Hi Everyone, I’m Lee Gates and I am in the Oracle Cloud Infrastructure team researching performance and optimizing efficiency for applications. At Oracle OpenWorld, we announced a major enhancement to our Compute Service, introducing the new X7 compute platform. In this blog, we’ll provide a detailed report covering the performance of our newest compute shapes, Standard2.52 and DenseIO2.52. My colleague Karan Batta announced the service, High Performance X7 Platform Generally Available. We’ve been able to improve on our first generation across the board!
Let’s put our enhanced Compute Service through its paces. First we’ll cover the specifications of these two new bare metal instances.

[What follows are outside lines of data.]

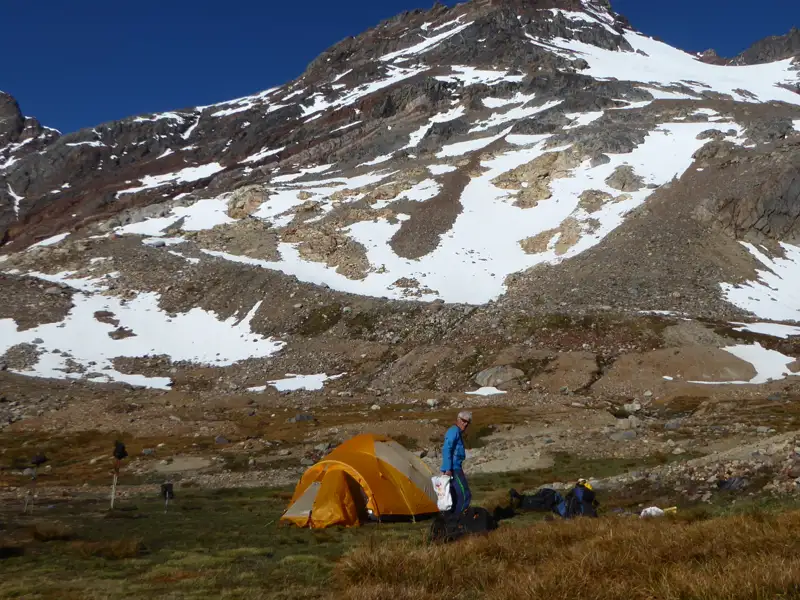 Wanderer im Basislager mit Zelt vor schneebedecktem Berg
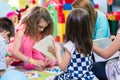 Group of kids applying colorful plasticine during educational activity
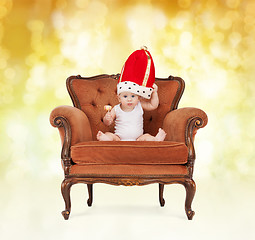 Image showing baby in royal hat with lollipop sitting on chair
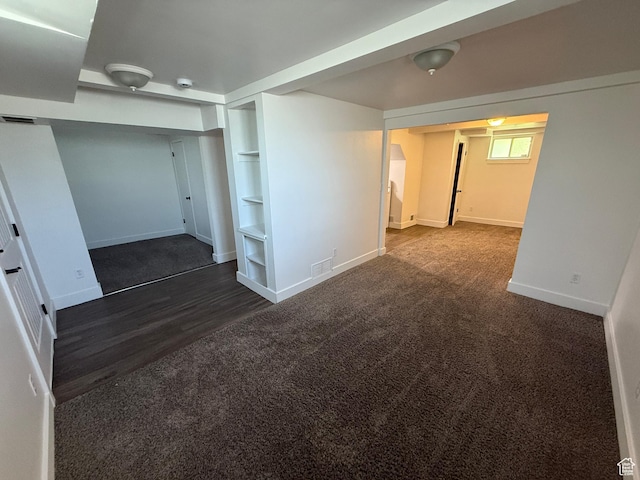 2168 S Harrison Blvd, Ogden, UT 84401 - below grade area featuring baseboards, built in features, carpet, and wood finished floors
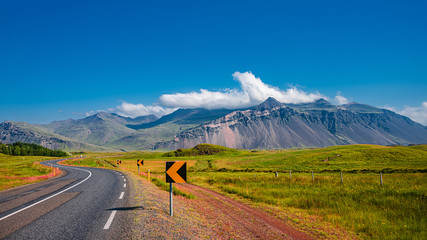 Isländische bunte und wilde Landschaft und asphaltierte Straße zur Sommerzeit und blauer Himmel, Island, Panorama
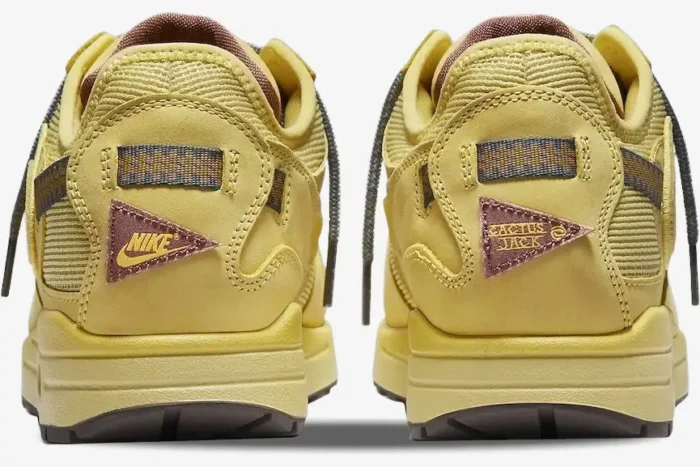 Rear view of Nike Air Max 1 x Travis Scott Cactus Jack sneakers in Saturn Gold with logo patches. - SKU DO9392-700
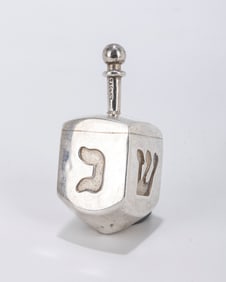 164. A SOLID STERLING SILVER DREIDEL BY TIFFANY. New York, c.1990. Engraved with the Hebrew l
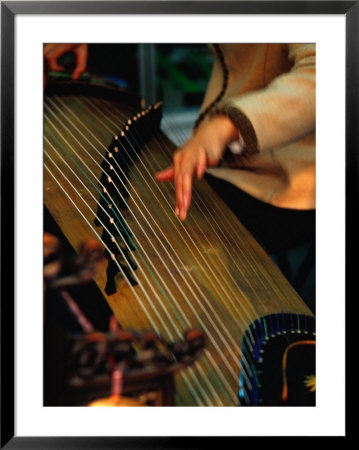 Student Playing Gu Zheng (Chinese Zither) In Shop In Xuanwu (Qianmen) Bejing, China by Phil Weymouth Pricing Limited Edition Print image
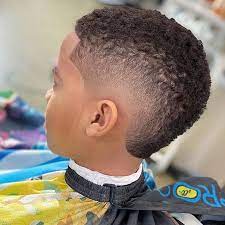 Use two contrasting dyes like black and red on both sides of the head to create the middle part that the eboy haircut utilizes. Black Boys Haircuts And Hairstyles 2021 Update Menshaircuts Com Black Boys Haircuts Boys Haircuts Black Boys Haircuts Kids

| Shape | Instance | Cores | RAM (GB) | Networking | NVMe Storage (TB) |
|---|---|---|---|---|---|
| Standard | BM.Standard2.52 | 52 | 768 | 2×25 Gigabit Ethernet | N/A |
| Dense I/O | BM.DenseIO2.52 | 52 | 768 | 2×25 Gigabit Ethernet | 51.2 |
Oracle Cloud Infrastructure bare metal instances deliver over 5.5MM IOPS from NVMe storage devices improving on OCI’s best in class performance! The compute architecture is Intel Xeon Platinum 8167M CPU @ up to 2.4 GHZ, enabling high performance compute intensive workloads. A Broadcom 2x25GBE network adapter delivers network access to your block devices, other instances in your network, and your internet traffic. The NVMe flash storage is delivered by Intel NVMe P4500 SSDs.
At Oracle OpenWorld, we introduced our new X7 compute platform by comparing to AWS i3. We’ll compare performance and capability with AWS i3, and then go through our test plan and review the results. First here’s how I like to think about the top line of the direct comparison on capacities and counts.
| Oracle Cloud Infrastructure | 63% more vcores per compute instance than AWS i3 | 1% more write IOPS per compute instance than AWS i3 | 67% more read IOPS per compute instance than AWS i3 | 57% more memory per compute instance than AWS i3 | 237% more local NVMe SSD storage than AWS i3 | |||||
|---|---|---|---|---|---|---|---|---|---|---|
| Instance | OCI Dense2.52 | AWS i3 | OCI Dense2.52 | AWS i3 | OCI Dense2.52 | AWS i3 | OCI Dense2.52 | AWS i3 | OCI Dense2.52 | AWS i3 |
| Metric | 104 | 64 | 1,408,412 | 1,400,000 | 5,497,776 | 3,300,000 | 768 | 488 | 51.2 | 15.2 |
Bare Metal Test Plan
This table covers the tests I use to measure and benchmark performance, and summarize how other services measure.
| Component | Measurement | Observation |
|---|---|---|
| NVMe devices | 51.2 TB – latency and throughput | < 1 millisecond latency for all R/W mixes |
| Network | 25 Gbe bandwidth – host to host | < 100 microseconds |
| Memory | Memory bandwidth | up to 186 GB/second |
| Compute | CPU2017 | SPECrate2017_int estimate up to 197 |
| Block storage | Single Volume and 32 Volume Performance | < 1 millisecond latency @ 25 Gbe for all R/W mixes |
Compute
We’ll start with the CPU and then work through the components.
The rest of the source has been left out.